The outcome turns largely on how four main personalities fare because they are key to future talks on forming a new coalition government.
After the 2010 elections, it took a world record 500 days and more for the politicians to finally find enough common ground to form a government. Here are the major players:
Elio Di Rupo, outgoing prime minister
At 62, the Francophone Socialist Di Rupo took office in December 2011 and is widely credited with holding the coalition government together through a very damaging economic slump and subsequent eurozone debt crisis.
Campaigning hard to continue as premier, Di Rupo's government pushed through painful savings of 22 billion euros (S$37 billion) in an effort to stabilise Belgium's strained public finances.

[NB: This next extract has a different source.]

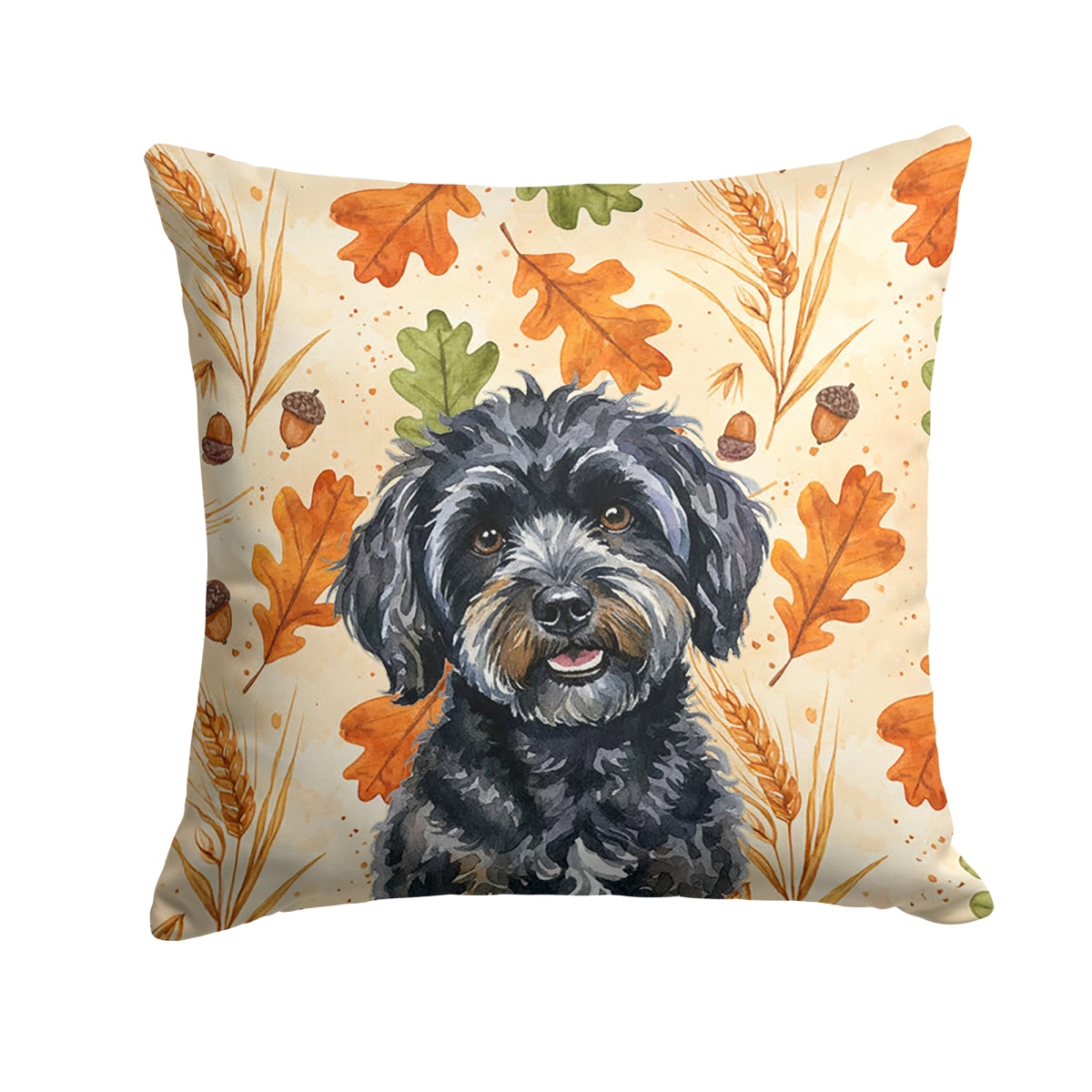 WDK7867PW1414 14 x 14 in. Black Havanese Heirloom Fall Throw Pillow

Di Rupo tried to limit the pain of the austerity policies for the least well-off but cuts to unemployment benefits were unpopular and could see the extreme left PTB party take votes from his Socialists in the south. On the right, the immediate danger comes from the centre-right Liberal Movement for Reform (MR), which includes his foreign minister Didier Reynders.
Di Rupo is a fervent federalist, committed to a united Belgium, and strongly opposed to the neo-Liberal and separatist New Flemish Alliance party (N-VA) of Bart De Wever.